Kapolda Sultra: KBST Berkontribusi dalam Penegakan Hukum di Sultra

Pena Kendari234 views

PENASULTRA.COM, KENDARI — Kantor Bahasa Provinsi Sulawesi Tenggara (KBST) menerima penghargaan dari Kepolisian Daerah (Polda) Sulawesi Tenggara Sultra dalam hal fasilitas bantuan teknis untuk penegak hukum di wilayah Sulawesi Tenggara di Aula Dhacara pada Senin, 28 Maret 2022.

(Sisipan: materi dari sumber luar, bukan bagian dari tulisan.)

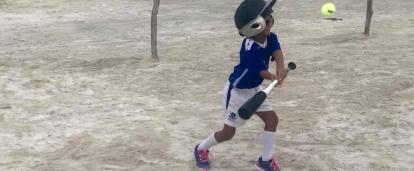 A Projects Abroad volunteer teaches a boy to play baseball and gains sports coaching work experience in Belize A young boy learns to play baseball during our volunteer sports coaching in schools in Belize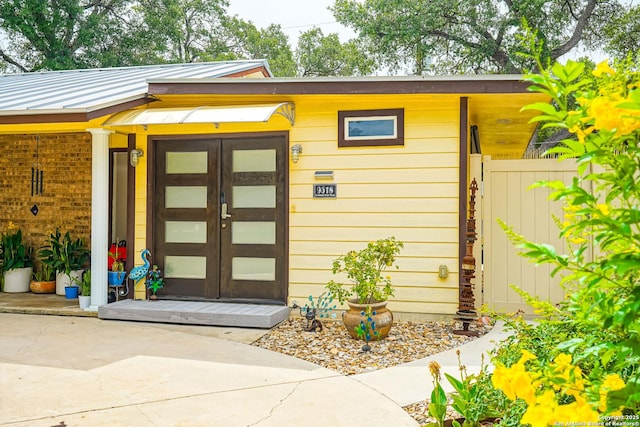 9518 Wahada, San Antonio, TX 78217 - doorway to property featuring french doors, a metal roof, and a standing seam roof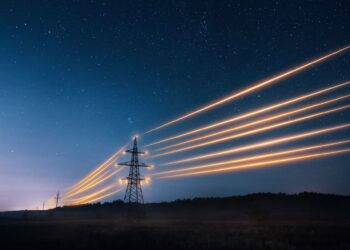 A line of electricity transmission towers at night. The electrical lines between the towers are glowing.
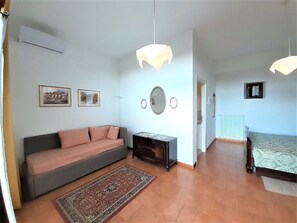 Quadruple Room, Courtyard View | Blackout drapes, free WiFi, bed sheets - Borgo Floreani (Vendoglio-Carvacco)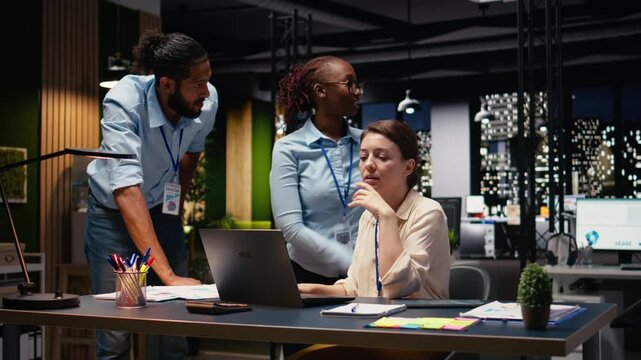 Corporate team gathered around office desk collaborating on project and sharing business intelligence insights. Group working late into the night, focusing on forecasting and task management.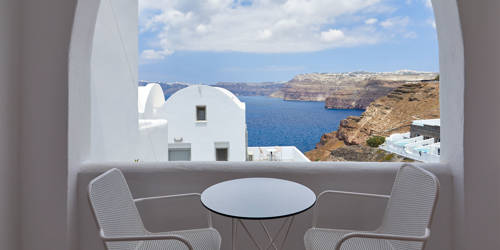 
Santorini View Hotel balcony with sea view and white table seats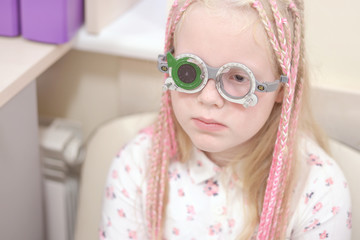 Eyesight check. Caucasian girl who have vision disabilities.Medical treatment and Rehabilitation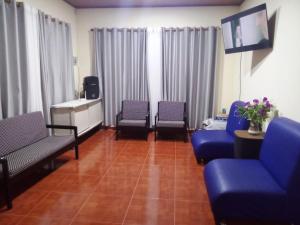 a waiting room with blue chairs and a flat screen tv at Finca Turistica Rancho Grande in Santana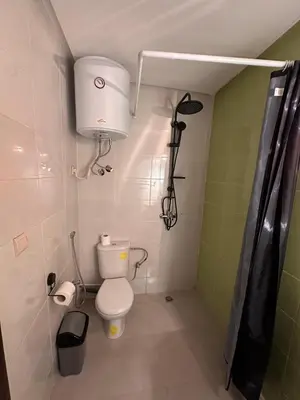 a small bathroom with a toilet and a shower at Studio haut-standing centre-ville parking-gratuit in Fès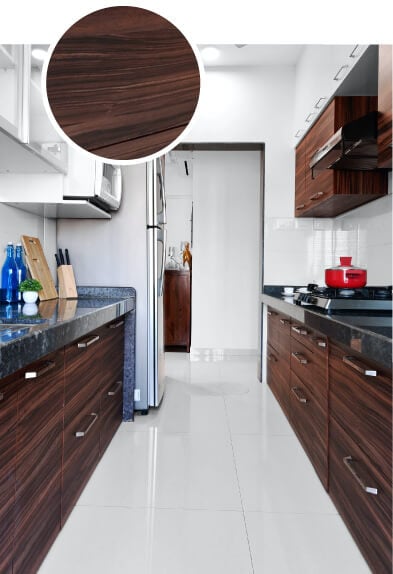 Chocolate stained bamboo kitchen cabinets with black countertops.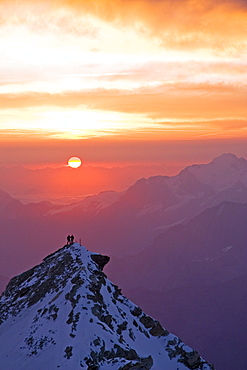 Two climbers on top of second summit of Bishorn at sunrise, Bishorn, 4135 meters, Valais, Wallis, Switzerland, Alps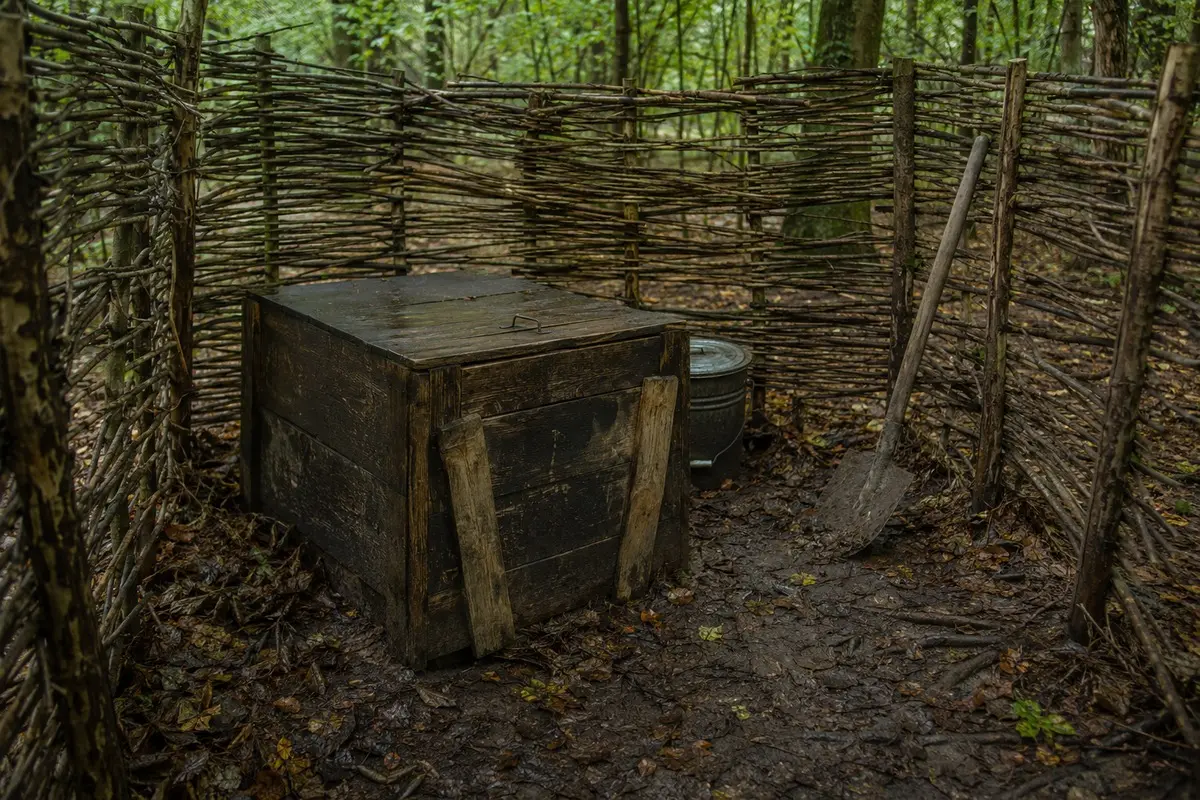 Verwitterte geschlossene Feldlatrine mit Flechtwand, Schaufel und Abdeckmaterial im Wald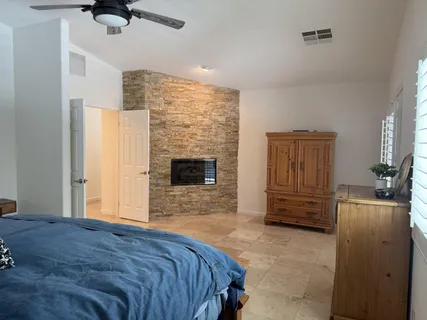 a bedroom with a bed and a television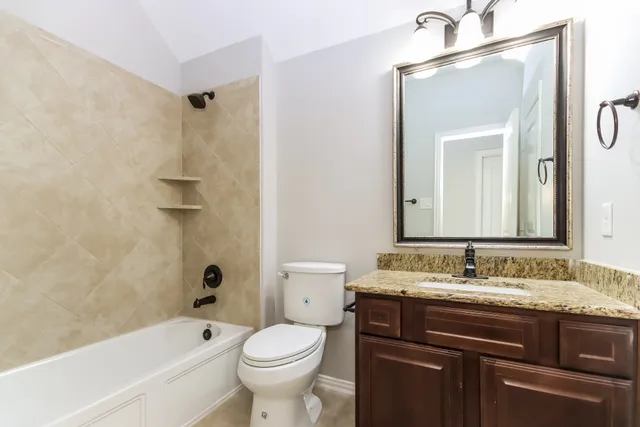 a bathroom with a granite countertop sink toilet and shower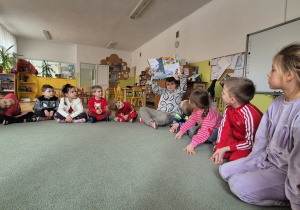 Dzieci siedzą na dywanie.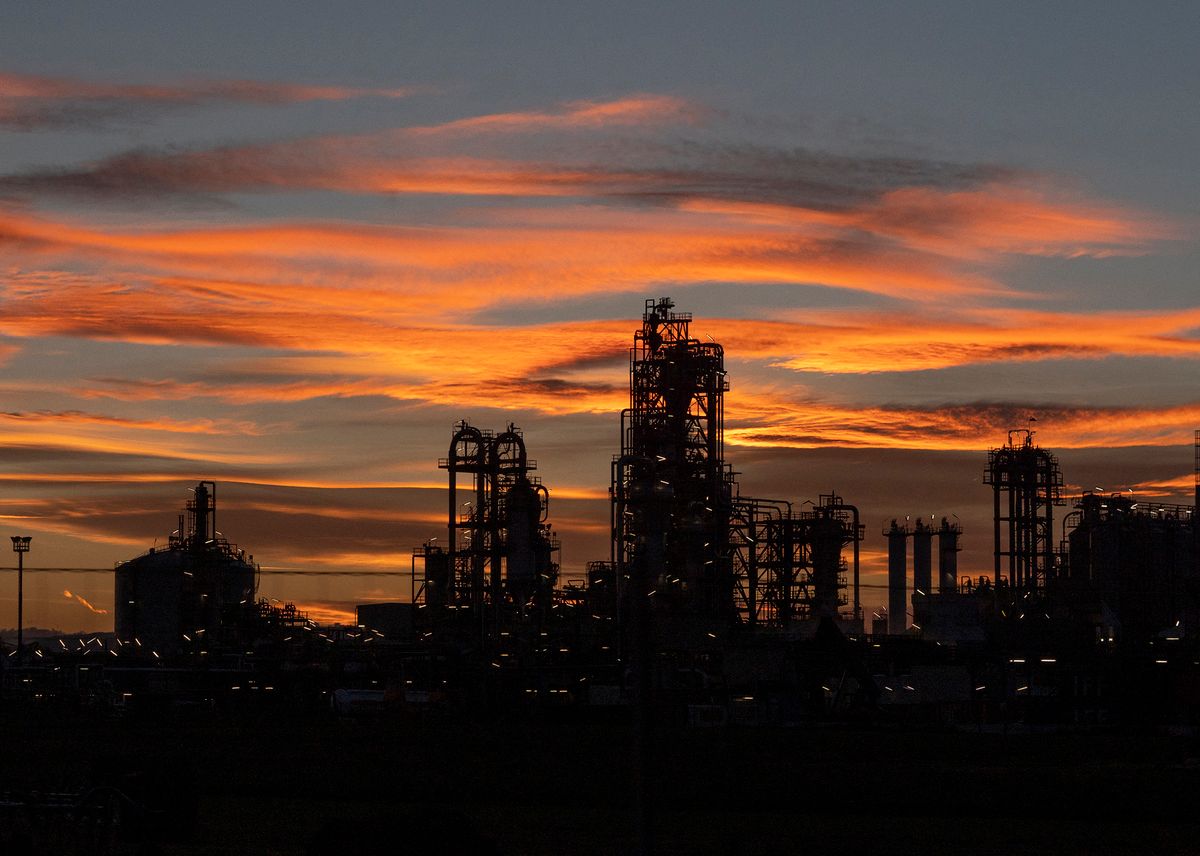 The sun goes down behind the largest Austrian refinery plant OMV in Schwechat, Austria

Anugerah ini diserahkan langsung oleh Kapolda Sulawesi Tenggara, Irjenpol Teguh Pristiwanto, kepada Kepala KBST, Herawati, dalam acara Peningkatan Profesionalisme Layanan Bahasa dan Hukum bagi Penyidik Polda Sulawesi Tenggara. Hadir pula dalam acara ini para pejabat utama (PJU) Polda Sulawesi Tenggara, Kepala Badan Pengembangan dan Pembinaan Bahasa, E. Aminudin Aziz, Kasat Reskrim, dan 50 orang penyidik di lingkup Polda Sulawesi Tenggara.

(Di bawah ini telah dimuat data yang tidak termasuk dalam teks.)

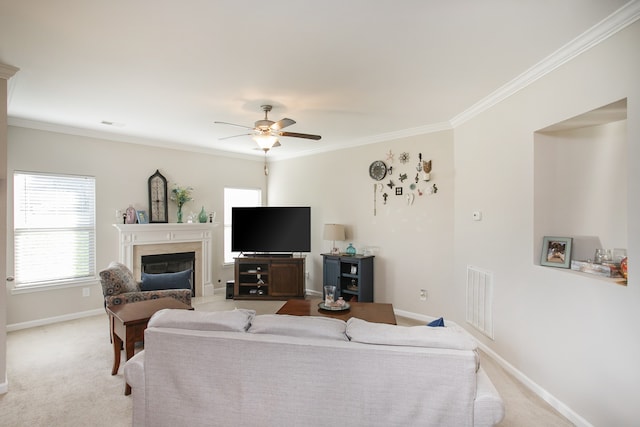 carpeted living room with a fireplace, ceiling fan, and crown molding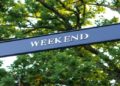 Black directional sign reads "Weekend" against a backdrop of lush green trees, creating a serene and inviting atmosphere.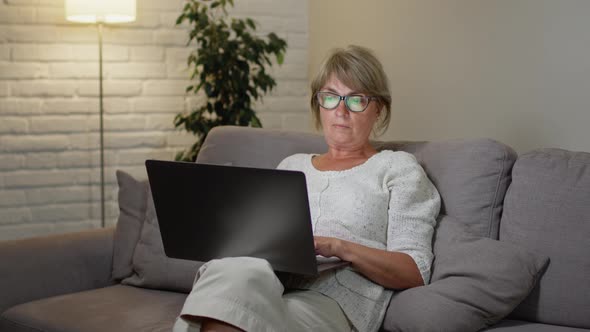 Surprised Woman On Sofa With Laptop. Woman Browses The News Or Some Other Information Via The alt
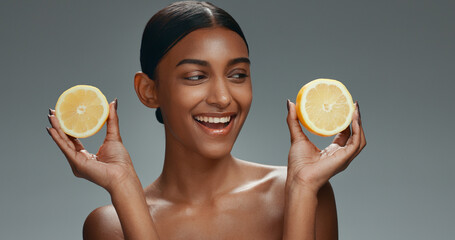 Beauty, skincare and happy woman in studio with lemon, natural cosmetics isolated on grey...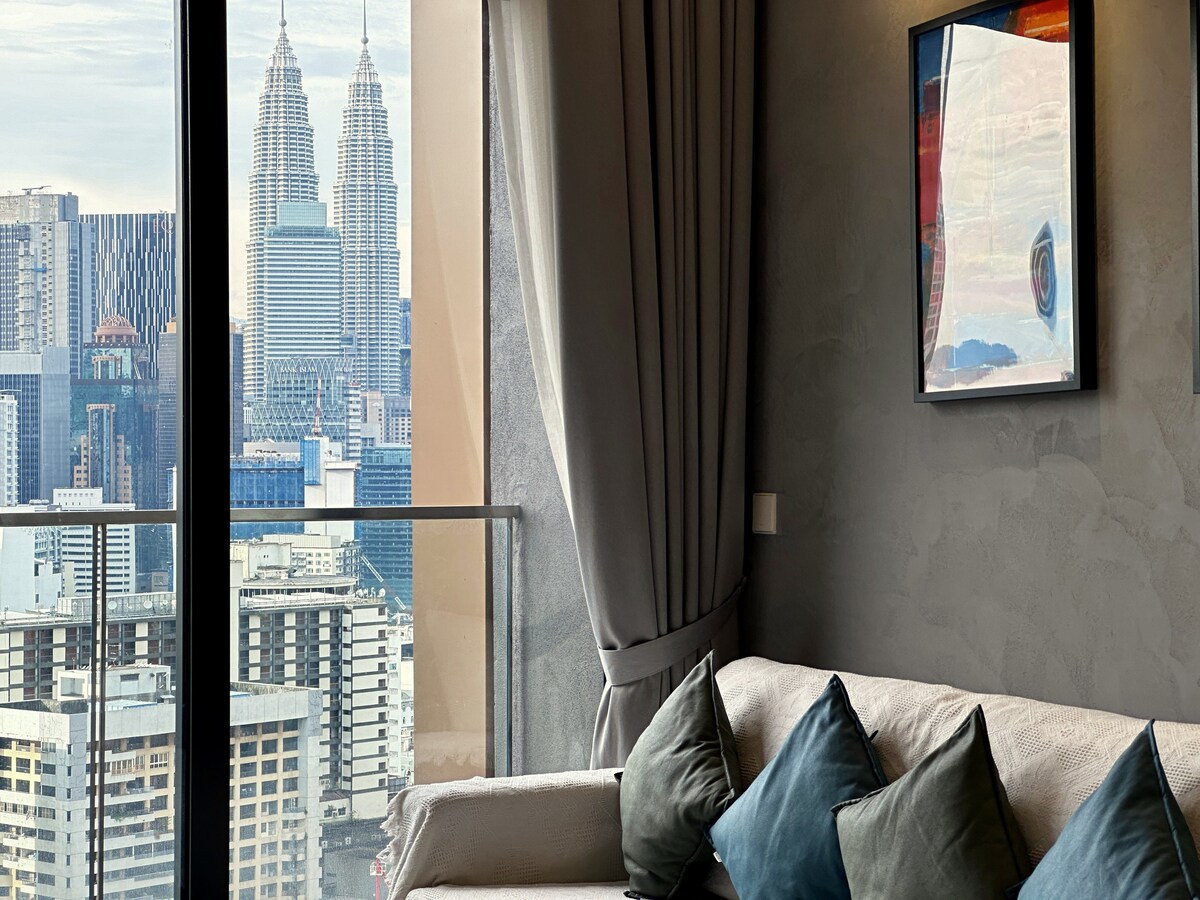 A spacious living area showcases a comfortable sofa with decorative cushions, positioned near large glass doors. The view features the iconic Petronas Twin Towers rising amidst the Kuala Lumpur skyline, framed by soft curtains and a piece of modern art on the wall.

Kapolda Sultra mengatakan, “Menurut data Ditreskrimsus, pada tahun 2021—2022, ada 389 kasus siber yang terjadi di Sulawesi Tenggara dan 226 kasus atau sekitar 58% yang memerlukan ahli bahasa.” Sinergisitas yang sudah terjalin ini merupakan hasil dari nota kesepakatan antara Kepolisian Republik Indonesia dan Kementerian Pendidikan, Kebudayaan, Riset, dan Teknologi serta perjanjian kerja sama antara Polda Sulawesi Tenggara dan Badan Pengembangan dan Pembinaan Bahasa. Kapolda Sultra berharap agar sinergisitas ini tetap terjalin dengan baik, khususnya bantuan di bidang informasi dan transaksi elektronik.

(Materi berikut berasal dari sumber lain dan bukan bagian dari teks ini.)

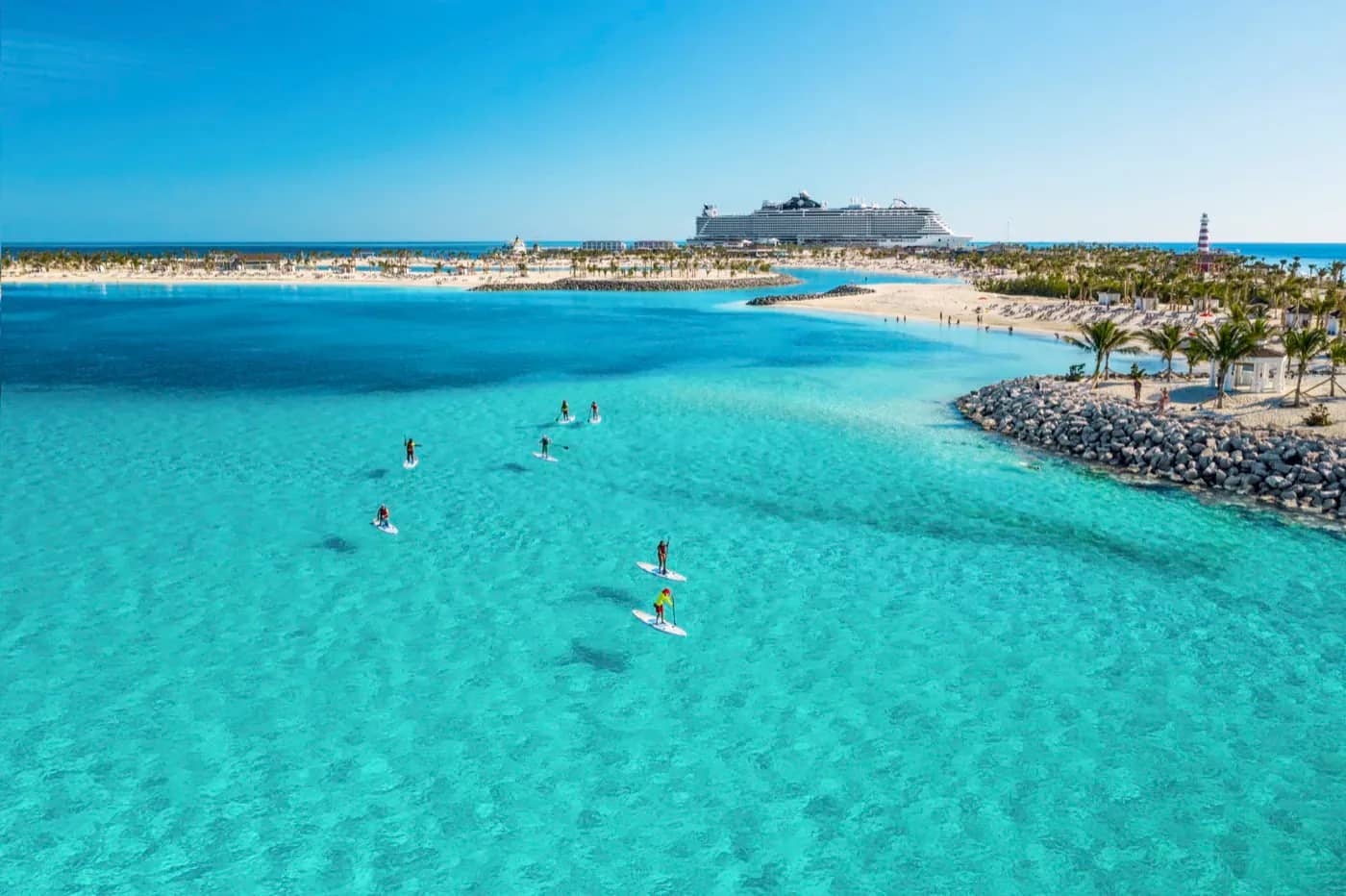 Paddleboarders in a turquoise lagoon at Ocean Cay in the Bahamas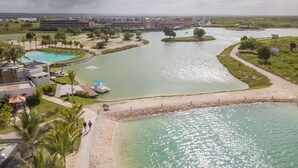 Luchtbeeld van een resort met een zwembad, een steiger en een strandgebied.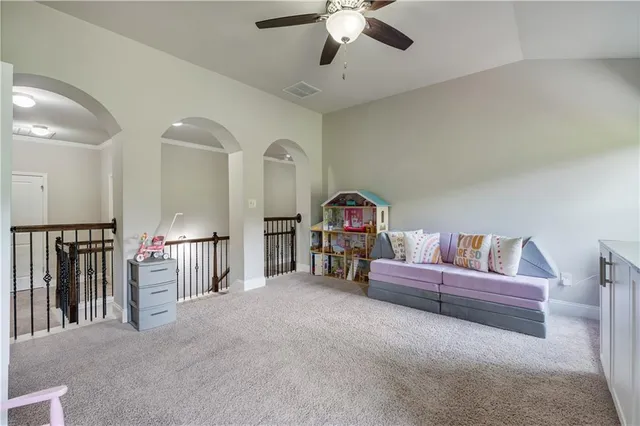 a white toilet sitting next to a shower curtain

Kepala KBST membuka acara Peningkatan Profesionalisme Layanan Bahasa dan Hukum bagi Penyidik Polda Sulawesi Tenggara secara resmi. “Bahasa dan hukum bertalian dengan linguistik forensik untuk penanganan konflik kebahasaan. Linguistik forensik merupakan cabang linguistik yang menganalisis dan mengkaji aspek kebahasaan sebagai alat bantu pembuktian di peradilan dan hukum,” ujar Kepala KBST dalam sambutannya pada kegiatan tersebut.

Narasumber Peningkatan Profesionalisme Layanan Bahasa dan Hukum bagi Penyidik Polda Sulawesi Tenggara, yaitu Kepala Badan Bahasa, E. Aminudin Aziz; Dirreskrimsus Polda Sultra, Kombespol Heri Tri Maryadi; dan ahli bahasa KBST, Jamaluddin M. Ketiga narasumber menyampaikan materi, di antaranya Linguistik Forensik untuk Penanganan Konflik Kebahasaan, Penegakan Hukum pada Kasus-Kasus Kebahasaan di Sulawesi Tenggara, dan Selayang Pandang Kasus-Kasus Kebahasaan di Sulawesi Tenggara.

Kepala Badan Bahasa menyampaikan bahwa linguistik forensik adalah ilmu yang sebenarnya sudah lama muncul, diperkenalkan oleh Jan Svartvik pada tahun 1967. Akan tetapi, di Indonesia, baru akhir-akhir ini populer, terutama setelah banyak kasus terkait dengan UU ITE.

“Saya ingin bekerja sama dengan para penyidik dan kemarin, bulan Desember, ada pembicaraan dengan Komjen Rycko (red.—Kalemdiklat Polri) agar linguistik forensik masuk dalam kurikulum resmi (di kepolisian),” ujar Kepala Badan Bahasa senyampang menyampaikan materinya tentang linguistik forensik.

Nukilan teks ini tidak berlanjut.